We continued through dull Portloaise and the cynical architecture of Tullamore (admittedly skirting the town centres) until we finally reached our log cabin near Rathconrath. We had travelled 657km in 20 hours. Tea, and oatcakes with peanut butter sent us plummeting into unconsciousness within minutes of arrival. When we woke, hours later, the sky was already dimming. We roller-coastered along the swooping R392 into Mullingar for supplies, promising ourselves our first real Irish Guinness at the unassuming looking petrol station/grocers/bar we passed.

Top-box loaded with wine, cheese, potato farls and bread, we side-stood the motorbike and went into Gunnings at about 6:30 pm. The door opened into a plain little shop. There were several customers with their groceries, and each nursed a pint of Guinness on the shop counter. Facing us, was an ecclesiastical-looking wooden screen with a frosted glass door. We walked through, and found the bar.


It’s hard to properly describe Gunnings’ rugged simplicity and worn charm. Every surface bears some evidence of age and long usage. Each element seems to have achieved balance with its neighbour- the stone floor, the wooden parquet ceiling.


The battle-scarred dartboard,


and its accompanying scoreboard, almost worn through.


The first, nourishing Guinness,


The skew-whiff leatherette sofa behind.


All things felt right and, despite being still fully leather-clad, we felt we were now actually somewhere else. There were only three other people in the bar, the young barmaid, and two men in earnest discussion on bespoke log-hewn bar stools.

John and Anthony

One and a half Guinnesses in, I went over and asked the nearest man about Irish roads. To the newcomer, it’s not obvious what the broken yellow line on the fast N-roads denotes (it’s a hard-shoulder). The question was reciprocated; I explained where we’d come from, where we were staying. He knew our host. I called J over and we introduced ourselves properly. John introduced Anthony, and explained that they’d been at a wake most of the day. Somehow, within minutes, John had invited us along on a drive to another bar. We had meant to head home, cook dinner and rest up (we were due at a dance festival in the early hours the next night, we had been travelling for 20 hours), that was the sensible thing to do, the responsible choice.

Obviously, we said yes.

John had soon threaded us deep into a knotted network of lanes that we had no chance of remembering. It was somehow like becoming children; aided by fatigue, excited by chance, we absolved ourselves of responsibility. I rediscovered a treasured, long forgotten word my old landlord from Tipperary had taught me: yoke. It means thingamajig.

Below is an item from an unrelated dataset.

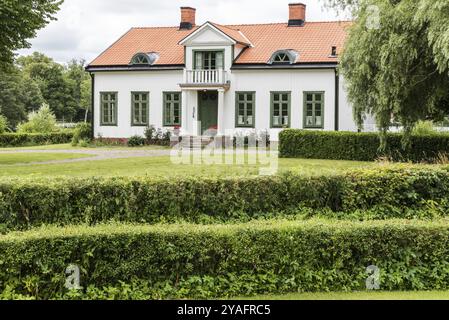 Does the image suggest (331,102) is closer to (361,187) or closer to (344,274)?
(361,187)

I videoed a fragment of the journey, talking about Gunnings:

We arrived at The Beech Tree at Streamstown, and found a warm welcome. The landlady lent us plates to make our own sandwiches on, and John and Anthony let us be awhile. Another Guinness in, and we felt ready to mix and were introduced around the bar.

Beech tree Guinnesses

We had another Guinness and a half (known as a lady – worth having as it comes in that corset-shaped glass), said our farewells and headed back out.

John suggested we went back to Gunnings. Why not?

But now, it was different and charged with life. The modest space was filled with people, movement and music, talking, clamour, folk airs on aeolian pipes, melodeons, a whistle, a guitar, singing. We had flowed automatically into the bar and now, immersed deep in the throng, we took in the array of glad, open faces. John introduced us to many, most of whom were farmers, or former farmers of beef cattle. We were given snuff, more Guinness, I was given a lesson on the melodeon, discussed the styles of music played (the waltz, the horn-pipe, the jigs, the reels)…

More Guinness, more music and more talk until, 7 Guinnesses and a lady down, we finally had to rest. Martin, cheerfully sober, sustained by the snuff he’d shared, drove us to our cabin and bid us a goodnight. It was, it had been, and it won’t be forgotten.

Generous, honest, warm, hospitable people, all gathered together, embracing us easily into their midst.

How can it be that something so clearly natural felt utterly unfamiliar?